La transmission comme formateur, est sans aucun doute ce qui permet d'encrer les connaissances le plus profondément. Et la transmission à des proches aussi, tout à fait d'accord.
J'aime beaucoup cette remarque "écouter... sans penser à ce que je vais dire juste après !" cette sagesse est une des clés. Bravo, j'adhère à 100%, mais je m'entraine encore !

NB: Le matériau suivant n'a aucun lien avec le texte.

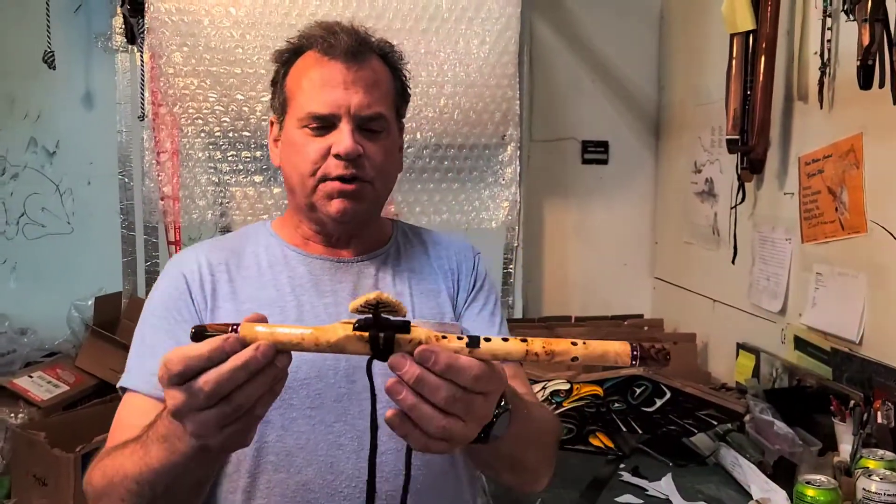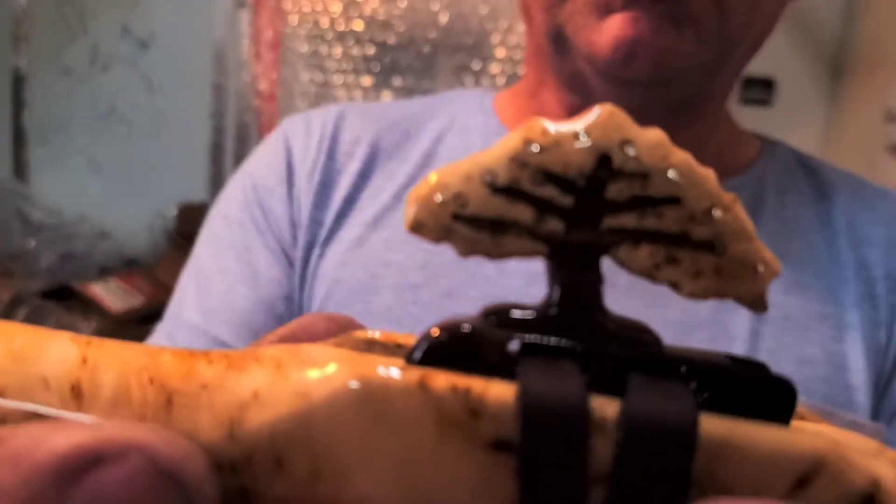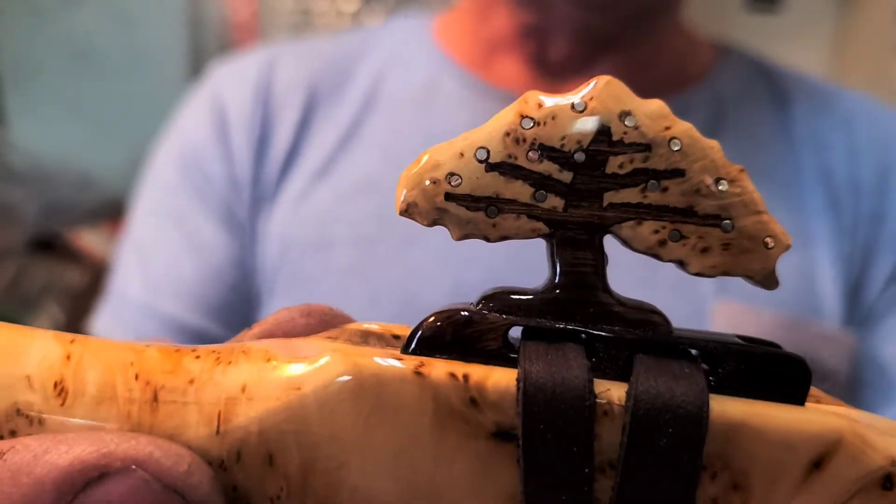Hey Duffy. Brent. We got the totem finished. I'll bring that up so you can see the silver fruit in the tree — the first time we've ever done that. I think it looks great.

Bon repos Christophe ! (xav des PO et de l'AFC)
sylvie baron dit
Bonjour, je suis aussi très bordélique dan ma façon d'apprendre. Je passe d'un sujet à l'autre et c'est souvent suite à une note ou une étude citée en bas de page, etc. Mais par rapport à vous , j'ai beaucoup de difficultés à transmettre un savoir car je suis très brouillon et surtout plus j'apprends moins je sais...Mais merci pour vos explications qui m'aident à me sentir moins seule
Karine dit
Vraiment très intéressant de voir ce fonctionnement ! Pour ma part je fonctionne de la même façon et dans tous mes domaines d'apprentissage, et cela me conforte dans cette méthode qui peut sembler aux yeux des autres parfois peu... méthodique ! Merci à vous.
Amicie dit
votre texte sur l'apprentissage a tellement vibrer en moi! merci pour ce partage, merci de mettre en lumière qu'il n'y a pas QU'UNE seule façon d'apprendre... mais surtout que c est OK de se perdre au milieu de 4 sujets qui paraissent tellement opposés mais qui en réalité ne le sont pas! j'apprécie énormément ce que vs partagez avec tant de cœur, d'humour et de profondeur.
Emilie dit
Merci, étant devenu Savonnière, j'ai appris par mes propres moyens de cette façon également alors c'est très enrichissant mais parfois aussi très frustrant car effectivement on a complètement perdu notre questionnement du départ mais je pense. que c'est vraiment à ce moment là que l'on apprend le + car c'est uniquement notre intérêt profond qui nous guide.